__YOUR TASK__.
A faithful, word-for-word copy of the data below is required, without pictures.

__RAW DATA__.

[Start of Attachment]

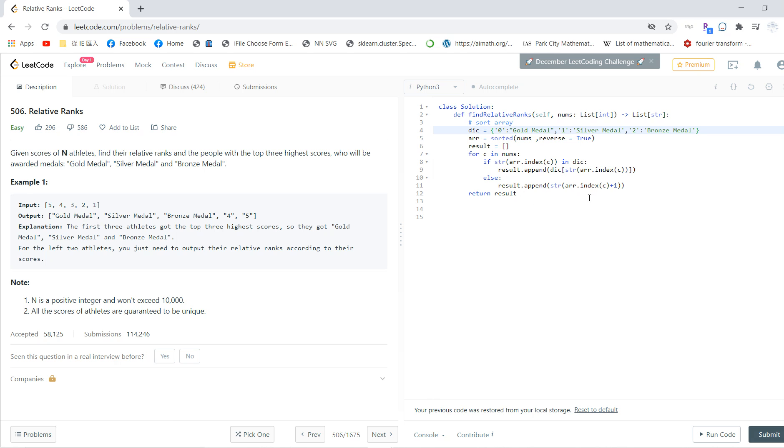So basically, we first sort our array in reverse order, then do it one by one and search one by one. Yeah, that's it.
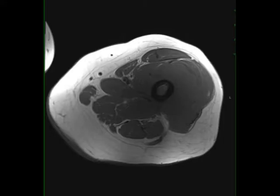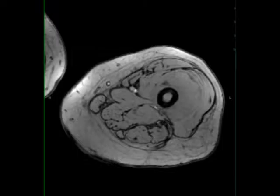This is a 45-year-old female who presents with left thigh pain and swelling. The images demonstrate an infiltrative T1 iso-intense, STIR heterogeneously hyper-intense lesion involving both the medullary cavity and cortical margin of the left femoral diaphysis with extension into the adjacent thigh musculature.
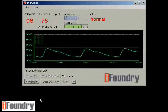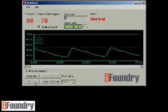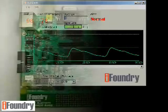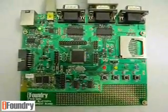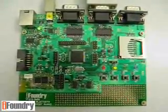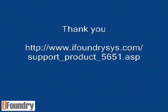Now let's turn off the Pulse Oximeter and close the COM port. After the connection has been closed, the yellow and red LEDs are blinking alternately again. Thank you for watching this video. For more information, please visit our website shown on the screen.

[End of Attachment]

__PROBLEM SOLUTION__.
So basically, we first sort our array in reverse order, then do it one by one and search one by one. Yeah, that's it.
This is a 45-year-old female who presents with left thigh pain and swelling. The images demonstrate an infiltrative T1 iso-intense, STIR heterogeneously hyper-intense lesion involving both the medullary cavity and cortical margin of the left femoral diaphysis with extension into the adjacent thigh musculature.
Now let's turn off the Pulse Oximeter and close the COM port. After the connection has been closed, the yellow and red LEDs are blinking alternately again. Thank you for watching this video. For more information, please visit our website shown on the screen.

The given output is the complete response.